Magnitudes de la Cita en Canberra
| Parámetro | Descripción |
| Sede | Canberra, Australia (Estadio Bruce) |
| Fechas | 4 – 6 de octubre de 1985 |
| Protagonistas | Estados Unidos, URSS, RDA y equipos continentales |
| Hito Histórico | Récord mundial de 400m femeninos (Sigue vigente) |
| Participantes | 8 equipos (3 naciones y 5 continentes) |
Legado y Relevancia
Lo sucedido en Australia no fue solo una suma de medallas.

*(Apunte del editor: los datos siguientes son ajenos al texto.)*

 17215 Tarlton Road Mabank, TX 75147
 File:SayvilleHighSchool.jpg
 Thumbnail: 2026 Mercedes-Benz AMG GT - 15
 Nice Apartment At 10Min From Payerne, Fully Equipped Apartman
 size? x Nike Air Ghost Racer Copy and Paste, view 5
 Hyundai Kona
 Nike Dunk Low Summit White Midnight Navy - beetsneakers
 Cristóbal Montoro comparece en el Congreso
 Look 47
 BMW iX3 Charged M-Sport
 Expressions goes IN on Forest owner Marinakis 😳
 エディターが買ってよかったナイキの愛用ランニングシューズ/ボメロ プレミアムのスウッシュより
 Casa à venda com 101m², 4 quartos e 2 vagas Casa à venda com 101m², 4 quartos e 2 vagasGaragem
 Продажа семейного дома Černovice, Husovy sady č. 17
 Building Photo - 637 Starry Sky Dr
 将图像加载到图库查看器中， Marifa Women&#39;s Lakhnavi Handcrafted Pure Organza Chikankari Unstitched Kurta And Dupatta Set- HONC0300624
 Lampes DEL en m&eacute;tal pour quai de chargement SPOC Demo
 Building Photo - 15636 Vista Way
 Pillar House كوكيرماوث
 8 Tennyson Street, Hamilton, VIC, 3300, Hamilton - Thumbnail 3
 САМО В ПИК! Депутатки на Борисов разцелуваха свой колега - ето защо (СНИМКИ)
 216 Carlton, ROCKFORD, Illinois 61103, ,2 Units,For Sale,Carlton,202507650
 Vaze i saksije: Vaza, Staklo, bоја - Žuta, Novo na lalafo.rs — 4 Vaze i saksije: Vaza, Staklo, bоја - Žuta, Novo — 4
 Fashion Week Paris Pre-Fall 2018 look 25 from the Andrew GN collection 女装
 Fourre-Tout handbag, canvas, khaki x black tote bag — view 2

Fue la consolidación de la técnica moderna: se perfeccionaron los tacos de salida y se mejoró la aerodinámica de los uniformes. Para Colombia y la región, Canberra 1985 representó el espejo donde se miraron los futuros campeones, demostrando que la disciplina y la técnica podían acortar las distancias con los gigantes.
Aquel evento dejó una lección grabada en el tartán: los récords están hechos de esfuerzo, pero se mantienen gracias a la voluntad indomable de quienes se atreven a desafiarlos.